Mother Mama Mommy Mom

Lange-MigrantMother02Translating from Finnish into English, the same question comes up again and again: what to call mothers and fathers.

In Finland, children usually call their parents äiti and isä, which mean mother and father. There are also more informal names for parents, like Isi (Daddy) and Mutsi (Ma – or something like Ma). But even the littlest Finnish toddlers usually call their mothers “Mother” – in real life and in literature that I’m translating. Of course an American two-year-old would never call her mother “Mother”, and if she did, we would wonder if there wasn’t something very strange about that family.

So when I translate a passage where a six-year-old girl says, “Isä, tuleeko sota tänne?”, I can’t write “Father, is the war going to come here?”, unless I want to create a Victorian mood, or hint that the children in this family speak with a strange, almost eerie formality.

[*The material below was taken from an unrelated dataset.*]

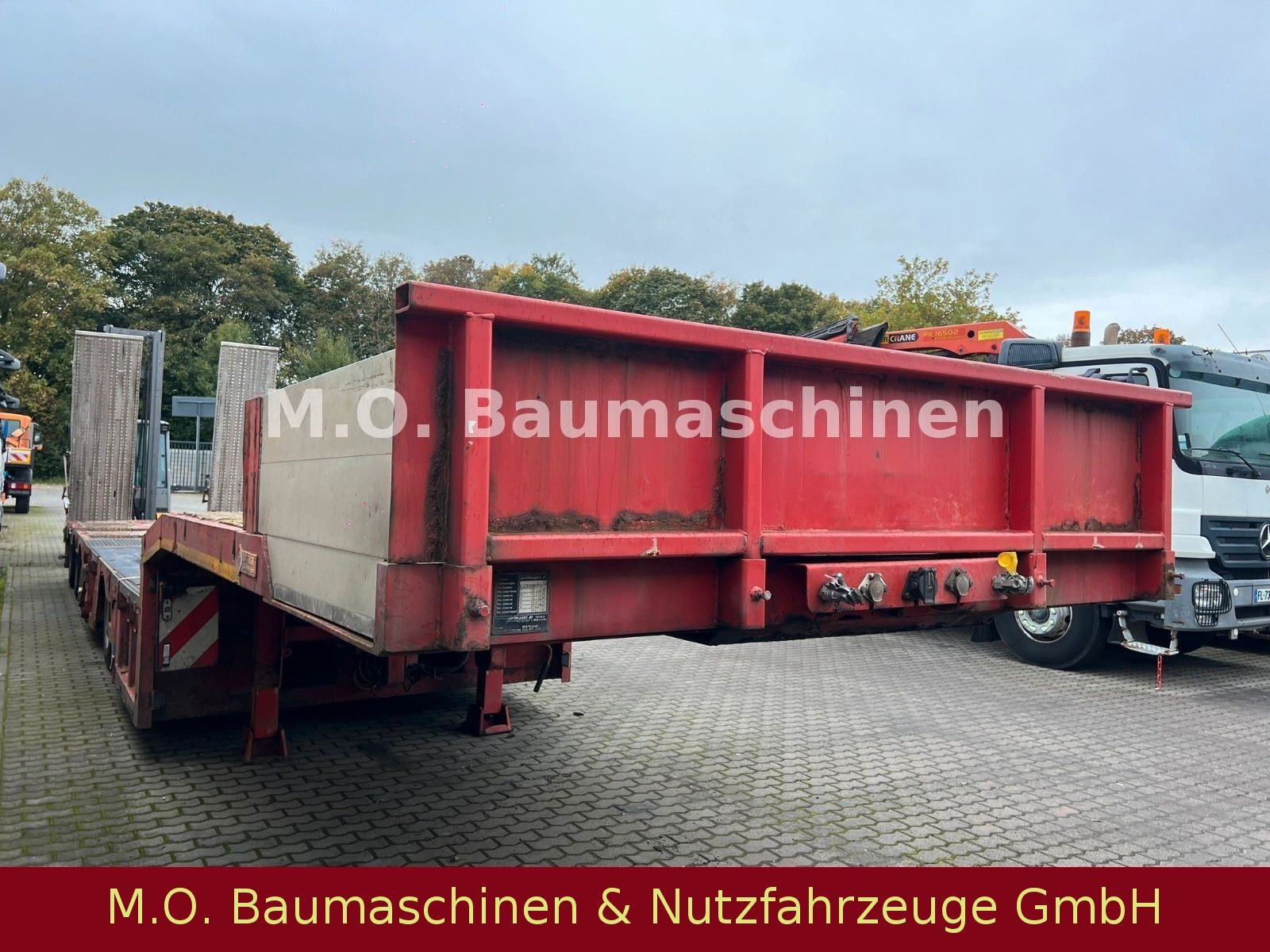 Fahrzeugabbildung LinTrailers 4 LSDU 18-40 / 4 Achser / Luftgefedert /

So I have to decide what version of father would be most natural in this context. Since this is a contemporary middle-class family, the kids would probably call their father Dad or Daddy. This is where personal history comes in. I never called my father Daddy, always just Dad (it goes without saying that I never called him Father, not even in jest). On the other hand, many small children do call their father Daddy, and using the word Daddy might help the reader understand that the person speaking is quite young.

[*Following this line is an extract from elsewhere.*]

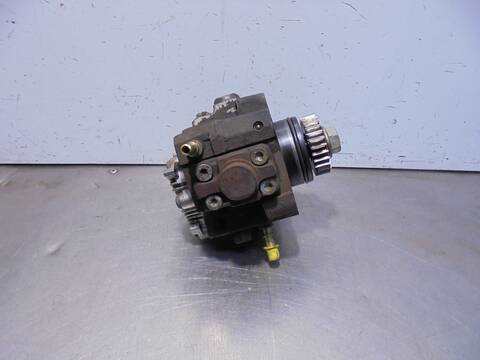 Foto 4ª: Bomba Inyeccion Renault Trafic 2.0 DCI DIESEL CAT 114CV 84KW CAJA CERRADA [M9R E7] (2008)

The problem is that since I never used the words Mommy and Daddy, even as a little child, the words feel unnatural to me, overly sweet, childish instead of childlike. In our family we called my mother Mama when we were very young, then switched to Mom around age five or six. I knew kids that called their mothers Mommy, but in my family we used it only in phrases like Run and tell your Mommy, you big baby. And of course Daddy has all kinds of unpleasant slang connotations, as in the phrase sugar daddy.

There are versions with a regional feel, like Ma and Pa, or Pop, or Papa. They can work sometimes, but only if you want a countrified or slangy effect.

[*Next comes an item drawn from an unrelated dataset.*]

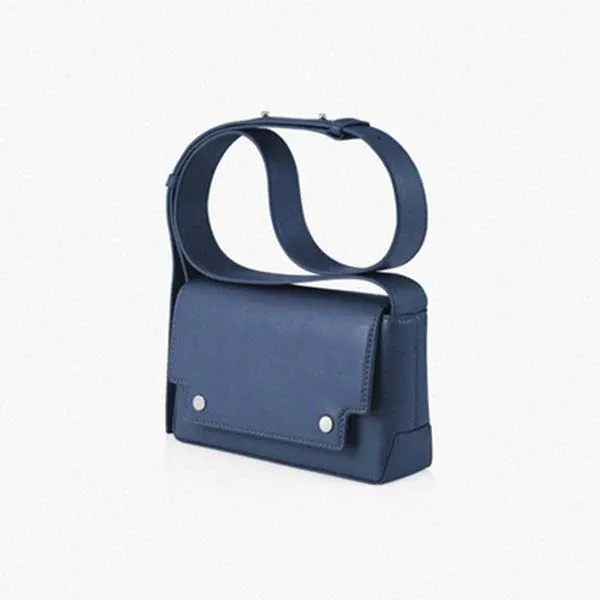 Túi Đeo Chéo Unisex Find Kapoor Marc 18 Crinkled Flip Crossbody Bag FBMC18CR0NV Màu Xanh Navy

Thinking about all this, though, makes me wonder if my family’s naming habits are rarer than I realize. Perhaps in American English, calling your mother Mama at any age past the toddler stage is more countrified than I realize.

What did you call your parents growing up? Did the names you used for your parents change as you were growing up? And where were you?

~ by lolarusa on July 11, 2009.

6 Responses to “Mother Mama Mommy Mom”

  1. I always called my mother Mom. My oldest sister started calling her Mama once she was an adult. I started calling my father Pop late in his life. I thought it was fun to say, “Hey Pop!”

  2. Mom and Dad. When Dad got grandkids he wanted to be called Papa. Everyone called him that afterward. With old age Mom has changed to Mommy. My mother called her mother Elsie because she felt too young to be a mother at 16 or whatever age she was, and she called her dad Pop.

  3. Did you call you mom Mom even when you were very little?

  4. I called her Mommy when I was small, then Mom when I thought I was grown, but have reverted to Mommy since I was 25 or so. She likes it.

  5. I’m fourteen, living in the souhwest U.S., and I’ve called my mother ‘momma’ or ‘mommy’ since forever. Same with my younger siblings and my older sister. And my dad’s always been ‘daddy’. My momma is Hispanic, and she either calls my gramma ‘momma’ or ‘ma’. Calling a mother ‘mom’ has always seemed odd to me.

  6. I probably called my mom “mommy” when I was really young but switched to “mom” at some point because I don’t recall actually using the word “mommy”. My dad was “daddy” for a long time…then “dad” when I got older, probably around pre-teen/teenage years. Now I only call him “daddy” when I’m trying to get him to do something for me. ;) (I think this is common for daughters/dads) But dad is also Papa because of the grandkids and most of us all call him Papa, now.